I'm sure I'm doing some things improperly, but it's at least a start. And it's actually working!

I had a difficult time at first getting both the flask app and the daemon to use the same database model. I attempted to use this method to be able to use the same query syntax (e.g. 'Class.query.first()') in the daemon (outside the flask app), but I wasn't understanding it enough to get it working.

I could see the Cameras being a single 'Camera' with a 'camera_type' attribute.

Ah, yes! That's a great idea. I'll play around with it when I'm more awake.

etiology commented 7 years ago

That is a great article. I'll have to play with it but that's great.

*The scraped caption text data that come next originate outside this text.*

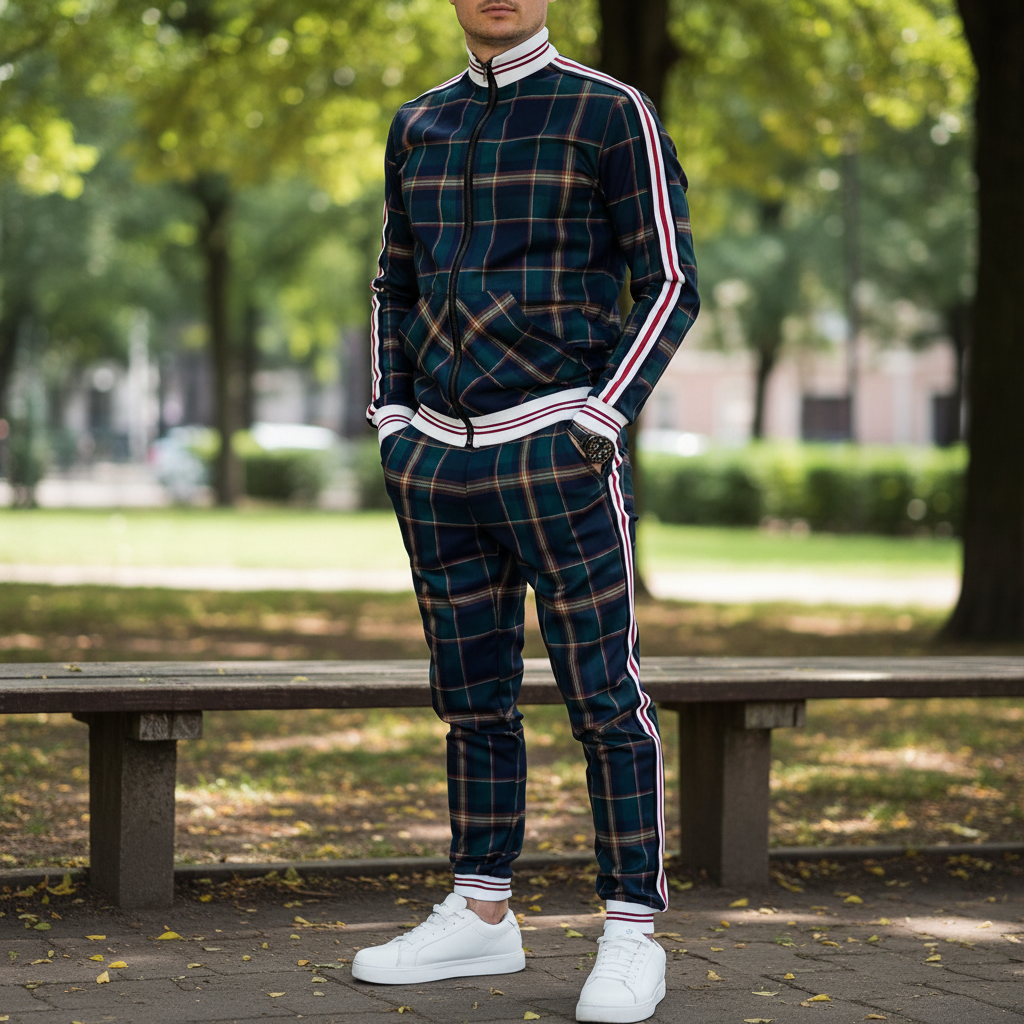 Sporty træningssæt – Vincent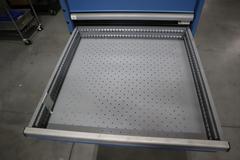 Lista 900 Tool Cabinet - 9 Drawers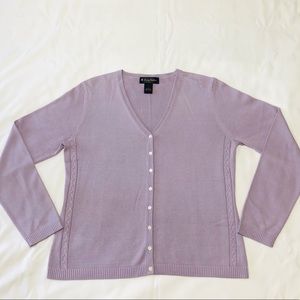 BROOKS BROTHERS  WOMEN'S CARDIGAN V-Neck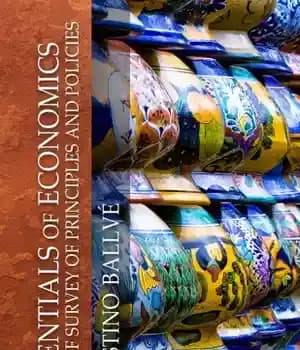 دانلود کتاب Essentials of economics: a brief survey of principles and policies – اصول اقتصاد: بررسی مختصری از اصول و…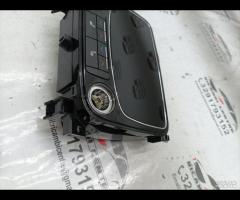 PANNELLO POSTERIORE CONTROLLO CLIMA JAGUAR XJ X351 - 7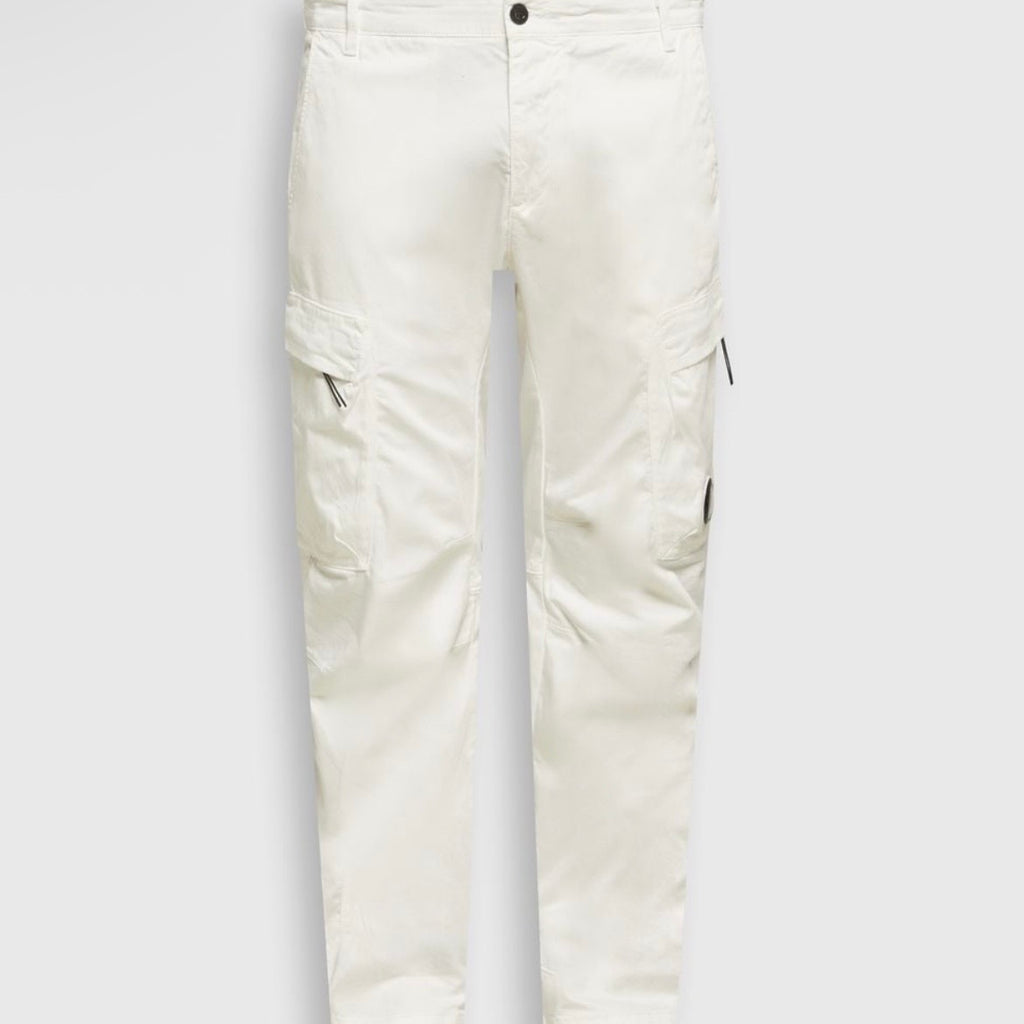 Pantalon Cargo CP Company - Écru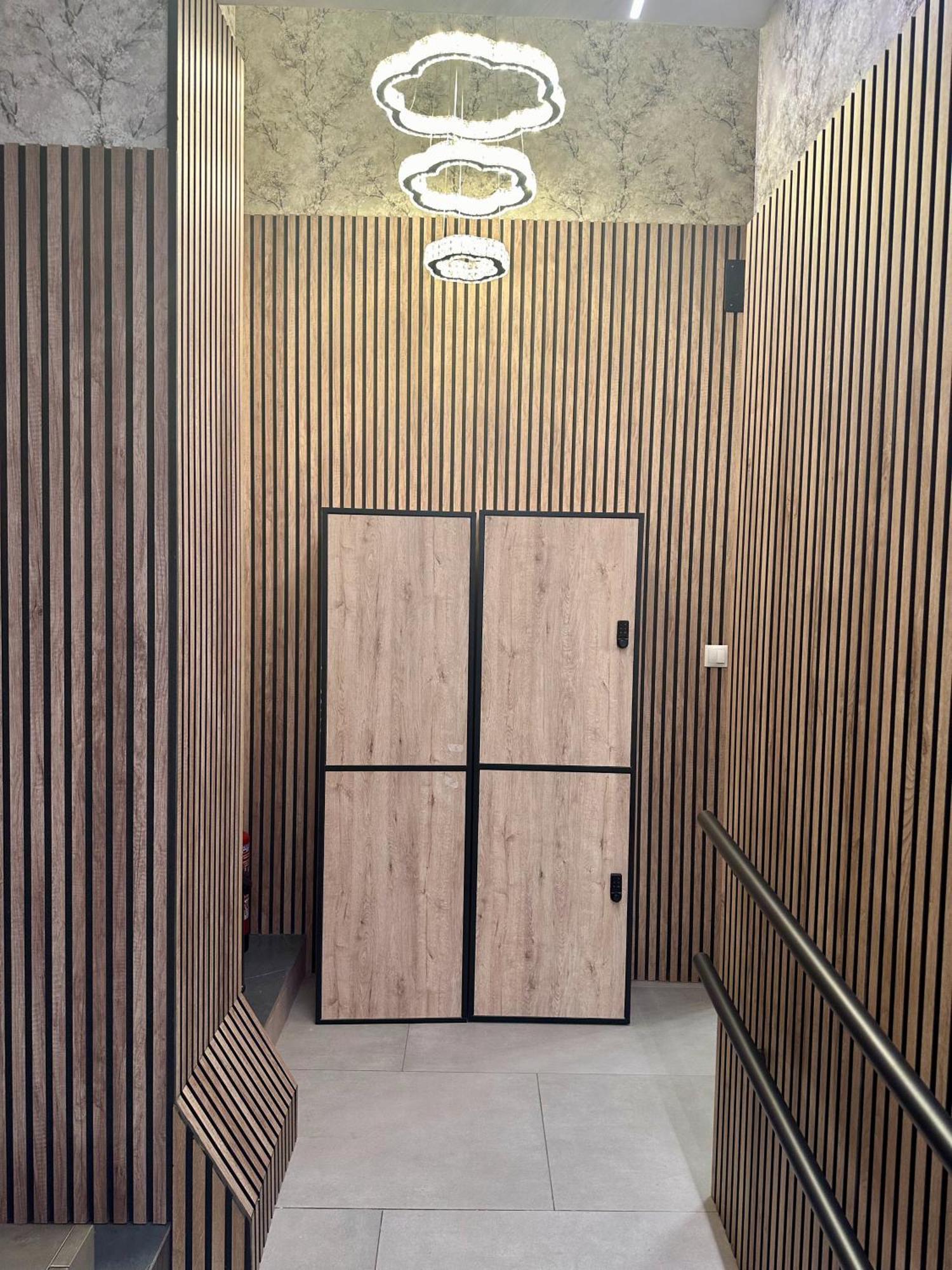 Velvet Hostels Pacifico Madrid Luaran gambar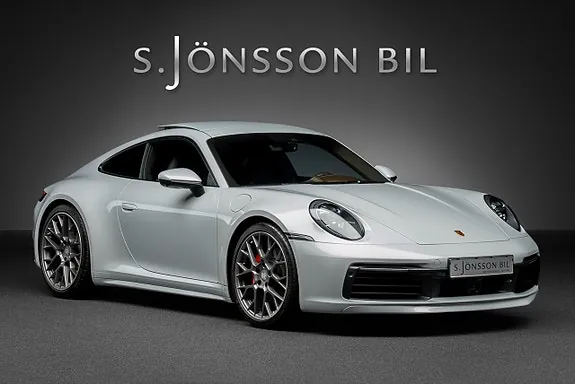 Porsche 911 Carrera S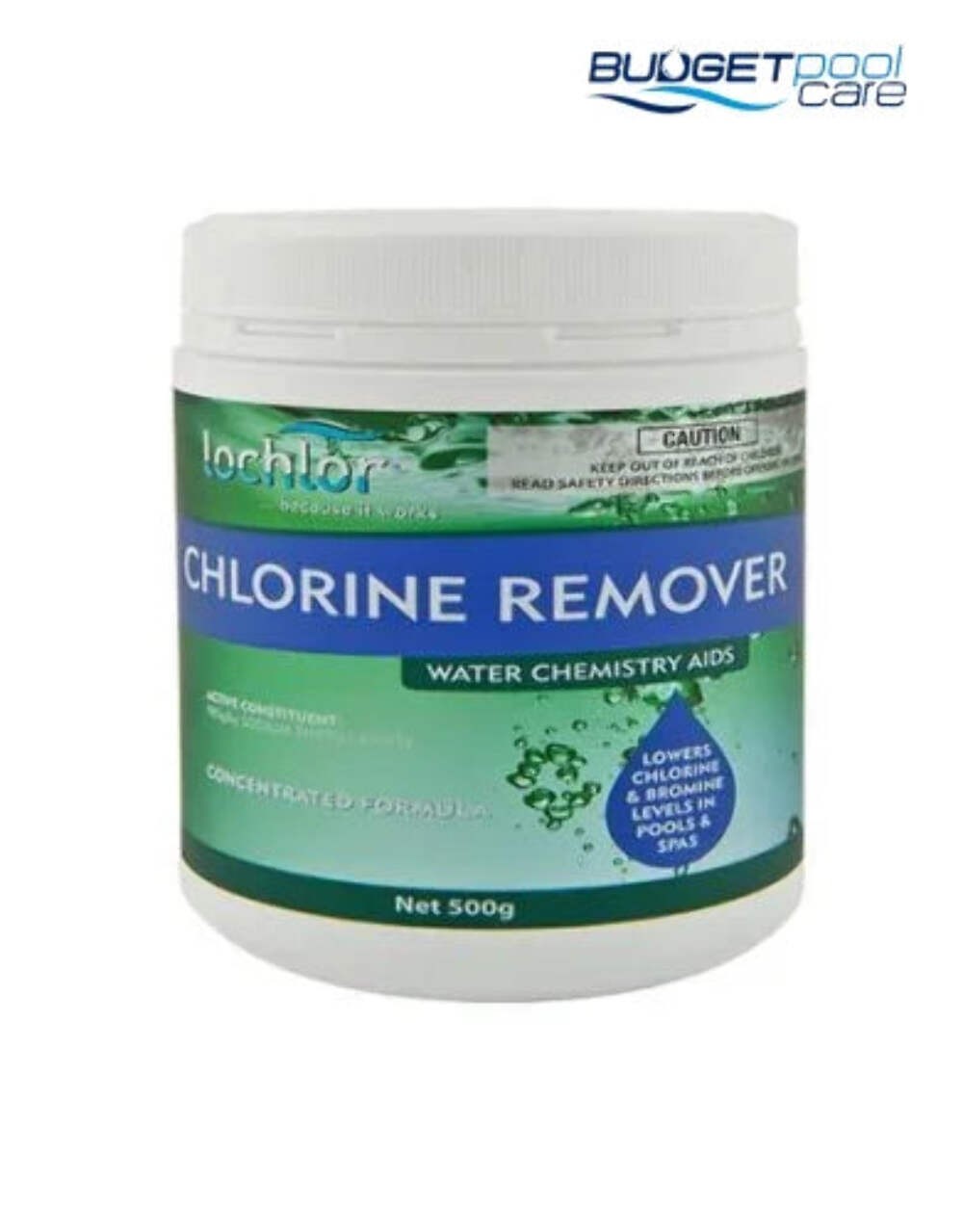 CHLORINE REMOVER LO CHLOR 500G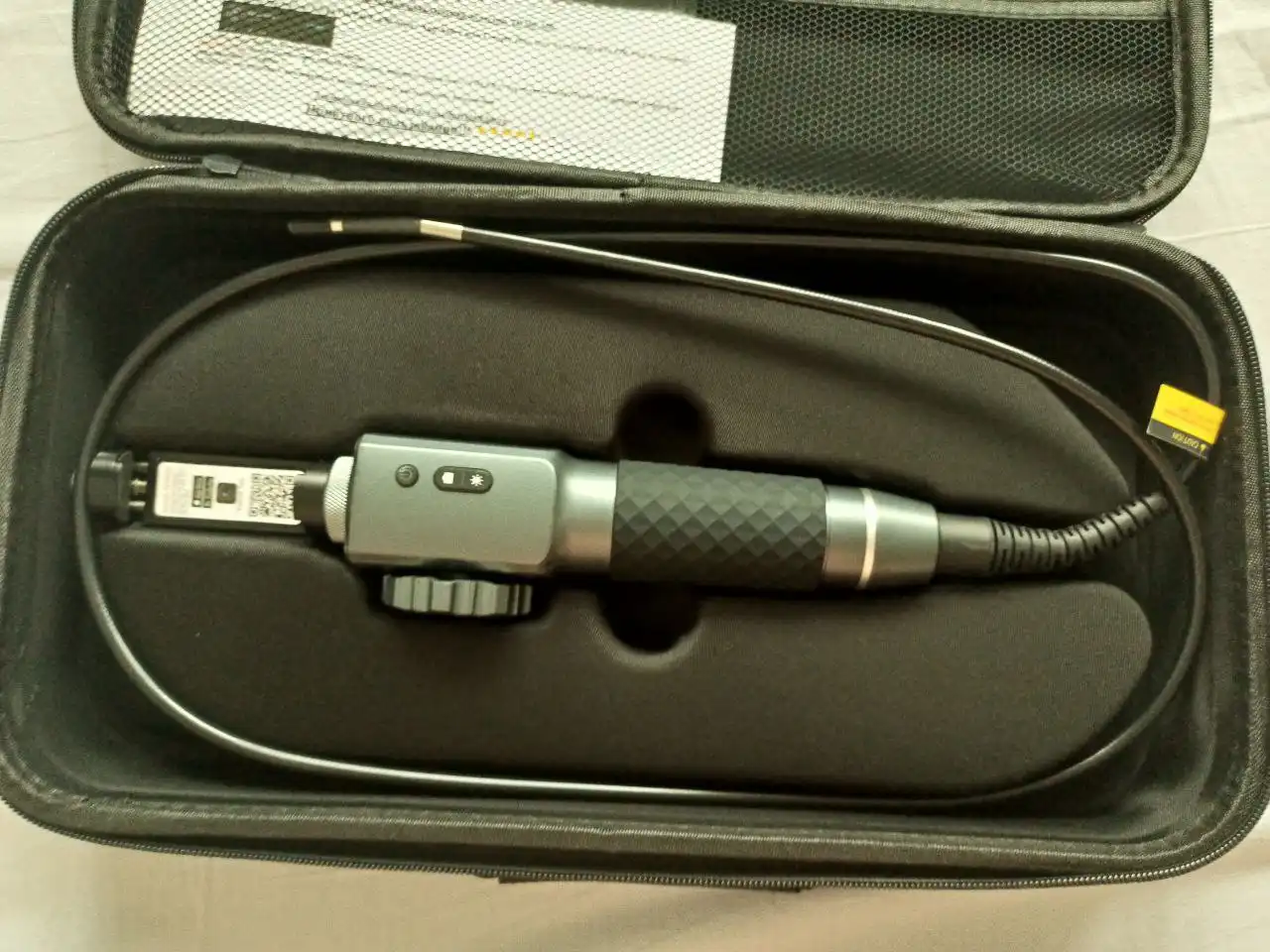 Продажа нового эндоскопа и толщиномера Rdivice 1000pro - Барахолка в Уфа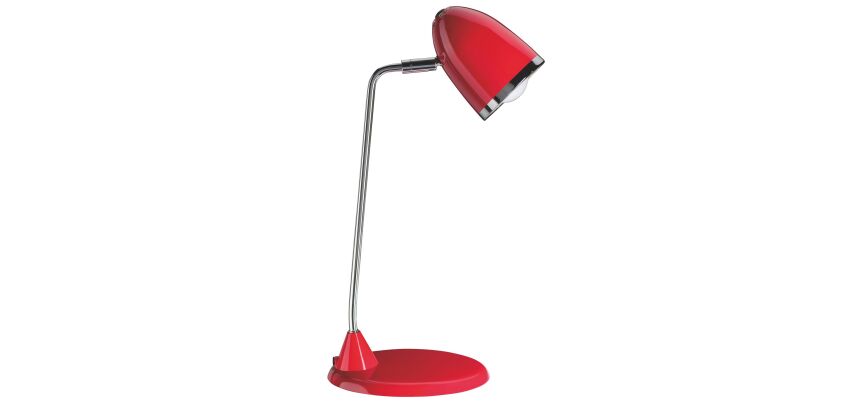 Lampe de bureau LED Charly - Maul - 3 W - E27 - Ergonomique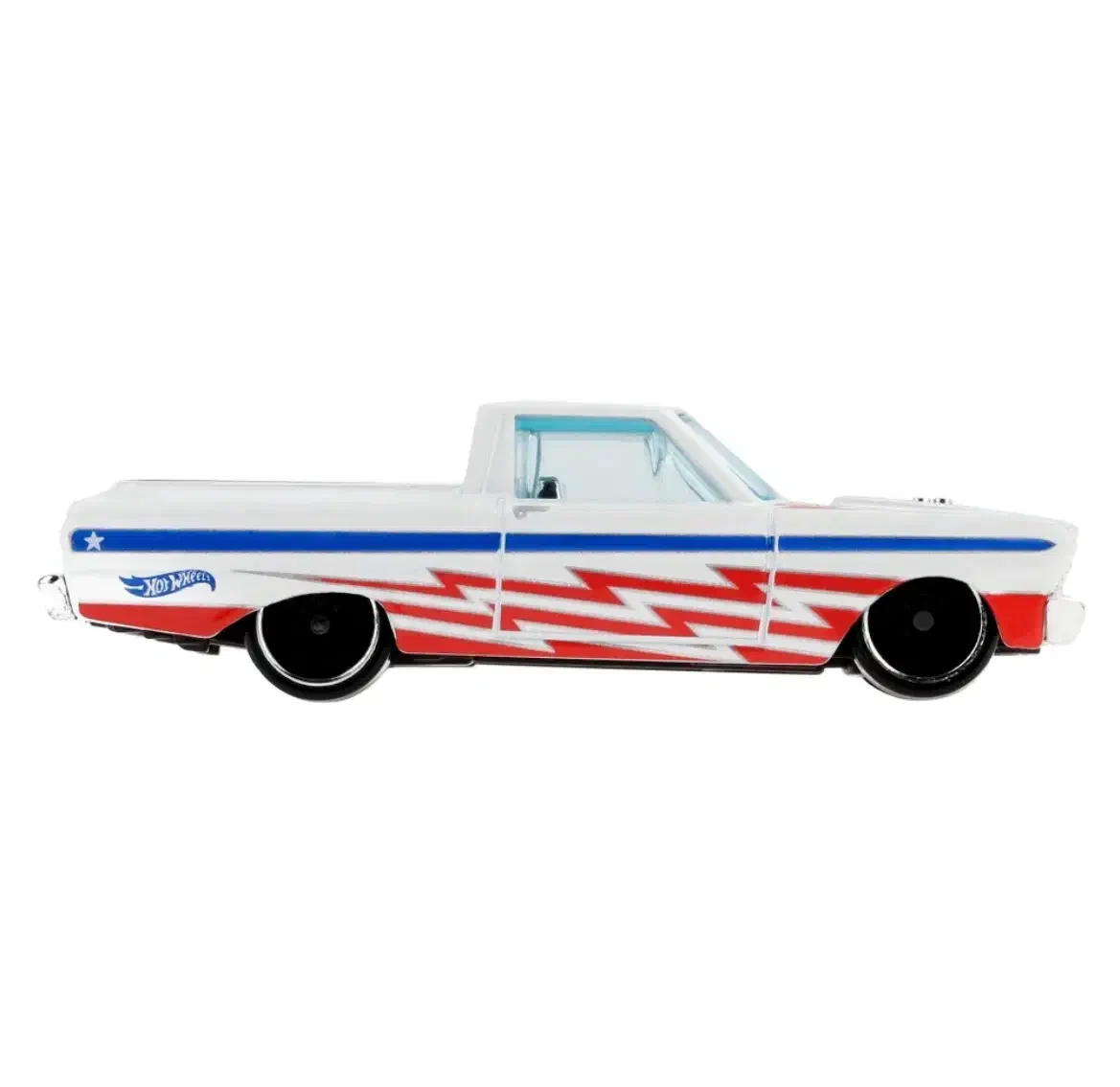 2022 65 Ford Ranchero White: No Package: Image 4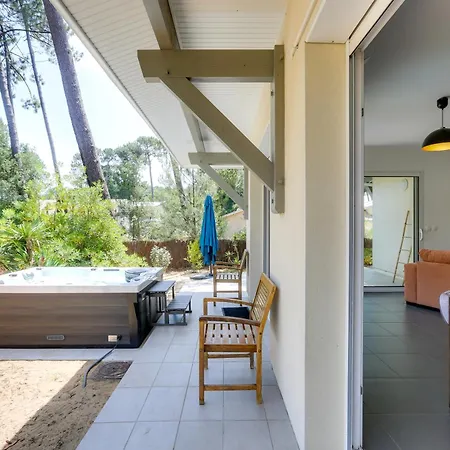 Maison 6 Personnes Climatisee, Jaccuzzi, A 5 M Des Plages Et Du Port *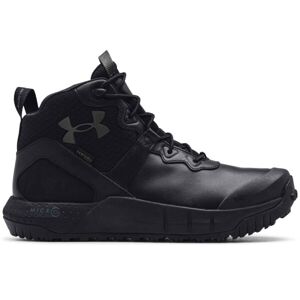 Under Armour VALSETZ Pánská outdoorová obuv, černá, veľkosť 45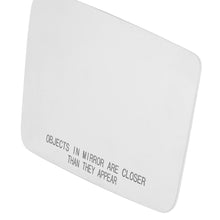 Load image into Gallery viewer, 84-90 Dodge Caravan Right Mirror Glass Lens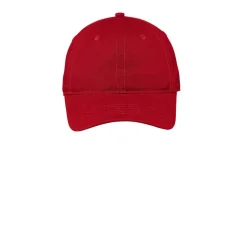Port & Company® Soft Brushed Canvas Cap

for the camera class combination I was thinking:


class Camera(CRUDMixin, db.Model):
    __tablename__ = "camera"

    id = db.Column(db.Integer, unique=True, primary_key=True)
    relay_id = db.Column(db.Integer, db.ForeignKey('relay.id'), default=None)  # Relay to turn on while capturing
    hflip = db.Column(db.Boolean, default=False)  # Horizontal flip image
    vflip = db.Column(db.Boolean, default=False)  # Vertical flip image
    rotation = db.Column(db.Integer, default=0)  # Rotation degree (0-360)
    cmd_pre_camera = db.Column(db.Text, default='')  # Command to execute before capture
    cmd_post_camera = db.Column(db.Text, default='') # Command to execute after capture
    camera_type = db.Column(db.Integer, db.ForeignKey('CameraType.id'), nullable=False)

class CameraType(CRUDMixin, db.Model):
   """ Holds camera description or kind: 'still', 'timelapse', 'stream', etc """
    __tablename__ = 'camera_type'

    id = db.Column(db.Integer, primary_key=True)
    type_name = db.Column(db.String, nullable=False, unique=True)  # 'Still', 'Timelapse', 'Infrared', etc

# for extra ease you might want to add a CRUDMixin:
class CRUDMixin(object):
    """
    Basic Create, Read, Update and Delete methods
    Models that inherit from this class automatically get these CRUD methods
    """

    def save(self, session):
        """ creates the model in the database """

        try:
            session.add(self)
            session.commit()

            return self
        except Exception as error:
            session.rollback()
            logging.error("Unable to save {model} due to error: {err}".format(model=self, err=error))
            raise error

    def delete(self, session):
        """ deletes the record from the database """
        try:
            session.delete(self)
            session.commit()
        except Exception as error:
            # many things can go wrong during the commit() so we have a broad except clause
            logging.error("Failed to delete '{record}' due to error: '{err}'".format(record=self, err=error))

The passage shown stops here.